**Task goal:** Leaving out the pictures, reproduce each record exactly and in full.

**Available data:**

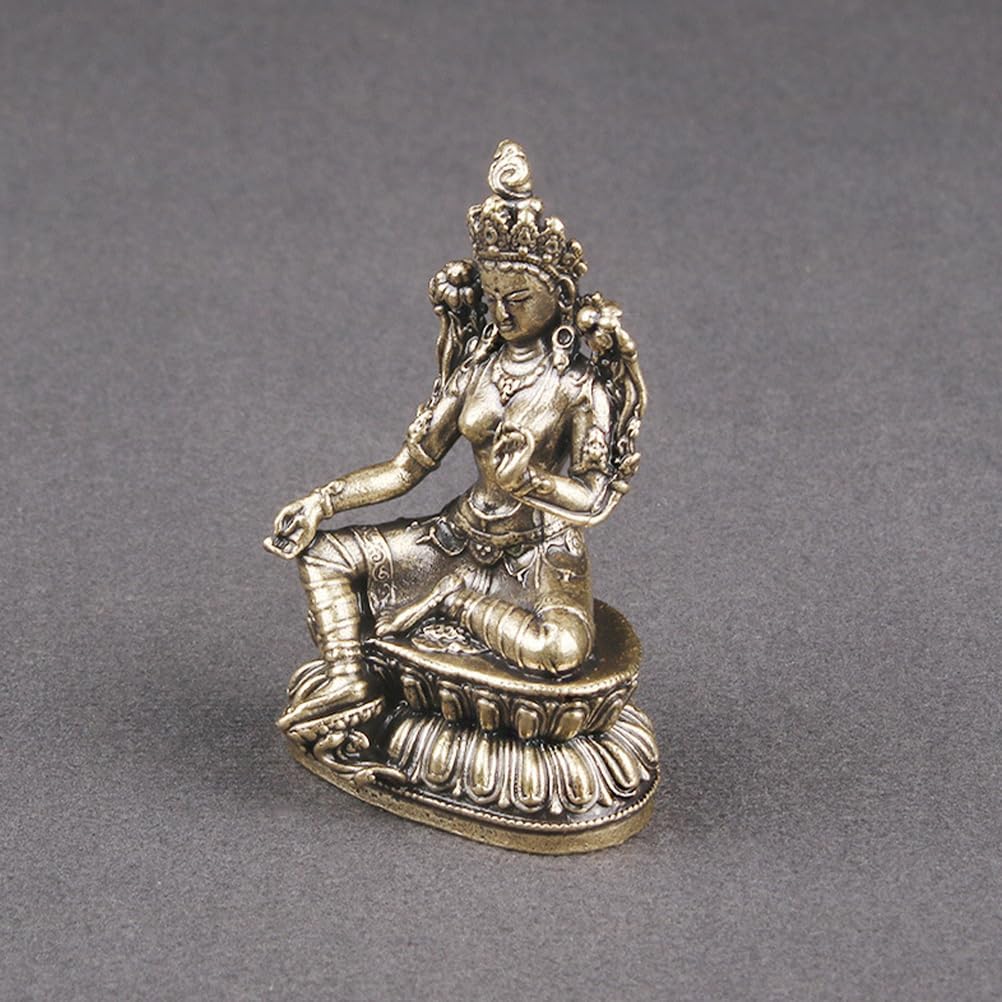 IMIKEYA Tara Buddha Statue Antike Mini Grüne Tara Statue Messing Bodhisattva Lotussitz Figur Mini Buddhistische Ornament Gebetssammlung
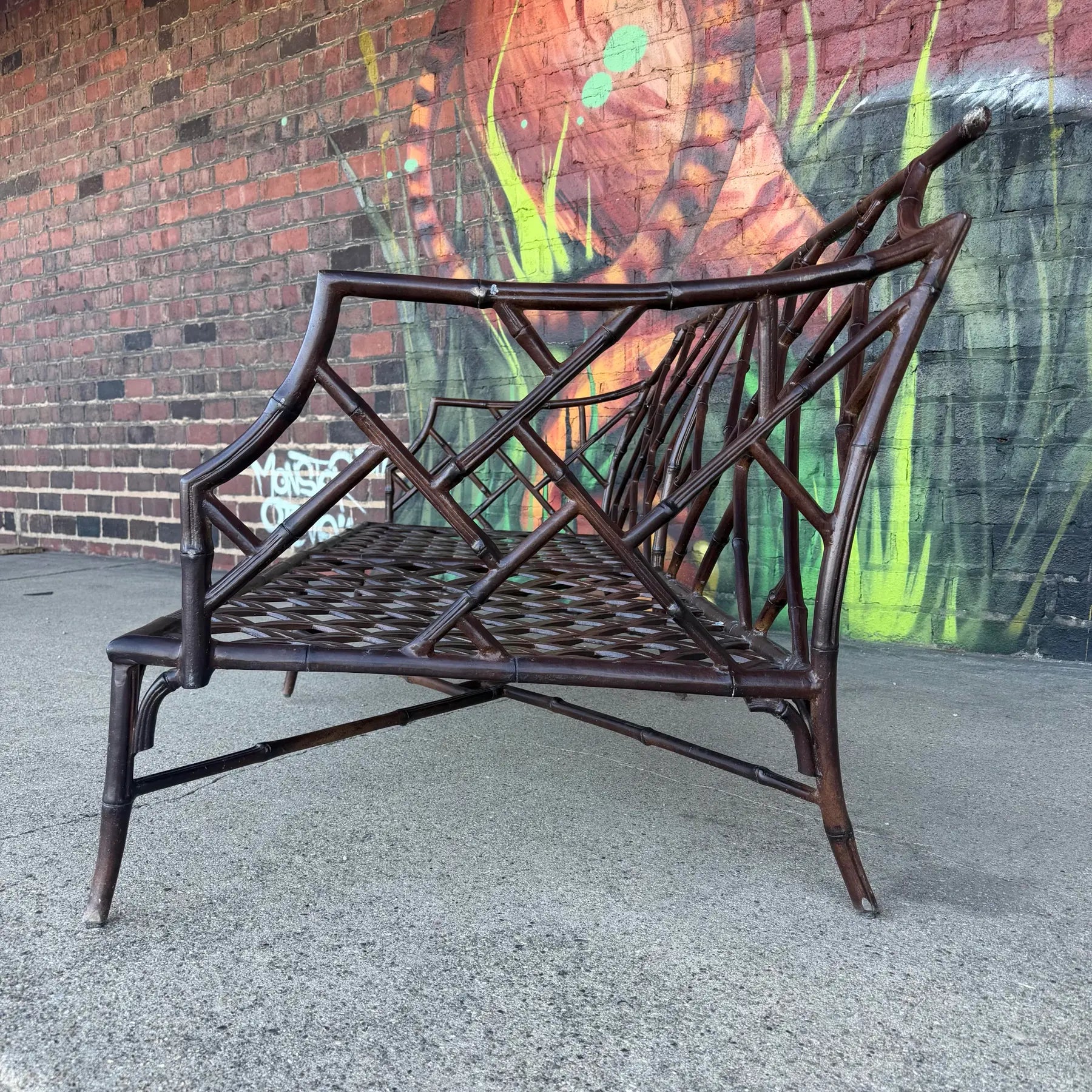 Faux Bamboo Sofa in the Style of Brown Jordan Calcutta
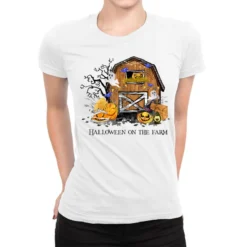 Halloween On The Farm Sublimation Ladies Fitted T-Shirt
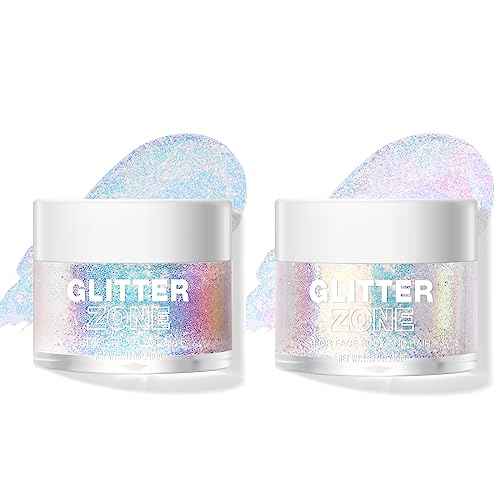 2 Pack Body Glitter Gel - Cosmetic-Grade, Color Changing Christmas Glitter Makeup for Face, Body, and Hair, Safe and Easy to Use, Perfect for Festivals Parties (01 Golden Mirage + 02 Stardust Pink)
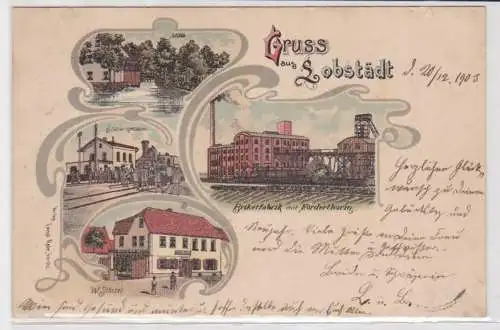 95582 Ak Lithographie Gruß aus Lobstädt Brikettfabrick mit Förderturm usw. 1903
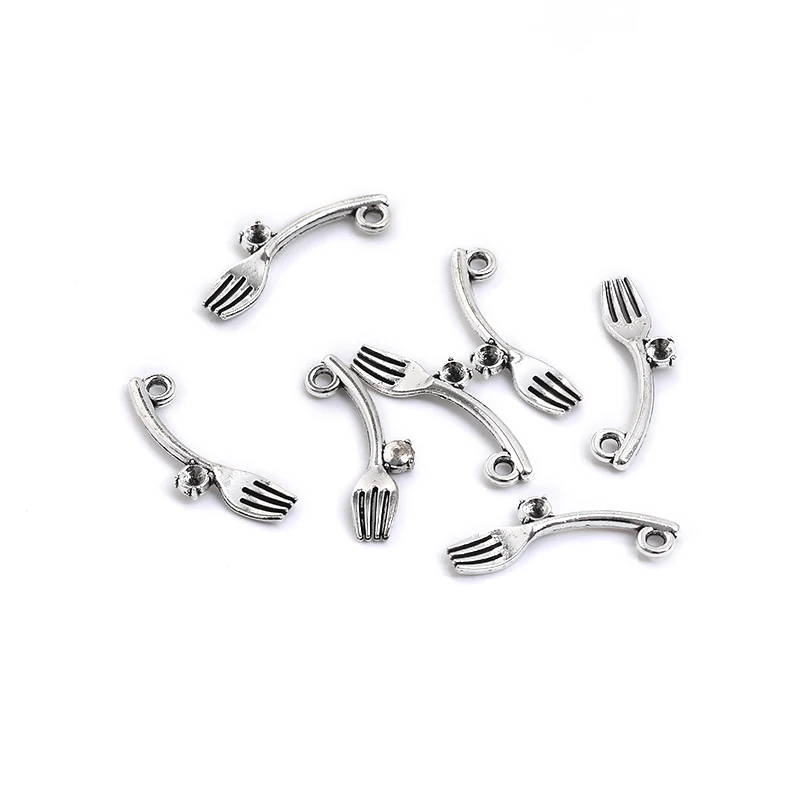 Vintage 50 Pcs Cute Forks Spoons Charms Fit  DIY handmade Earrings necklace bracelet Crafts Jewelry Accessories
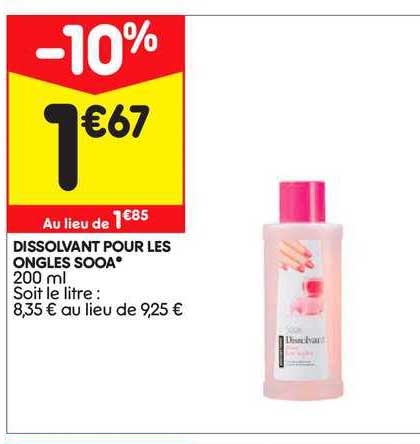 dissolvant pour les ongles sooa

**Problem solution:**
 IMIKEYA Tara Buddha Statue Antike Mini Grüne Tara Statue Messing Bodhisattva Lotussitz Figur Mini Buddhistische Ornament Gebetssammlung
 Faux Bamboo Sofa in the Style of Brown Jordan Calcutta
 Halloween On The Farm Sublimation Ladies Fitted T-Shirt
 2 Pack Body Glitter Gel - Cosmetic-Grade, Color Changing Christmas Glitter Makeup for Face, Body, and Hair, Safe and Easy to Use, Perfect for Festivals Parties (01 Golden Mirage + 02 Stardust Pink)
 95582 Ak Lithographie Gruß aus Lobstädt Brikettfabrick mit Förderturm usw. 1903
 Vintage 50 Pcs Cute Forks Spoons Charms Fit  DIY handmade Earrings necklace bracelet Crafts Jewelry Accessories
 dissolvant pour les ongles sooa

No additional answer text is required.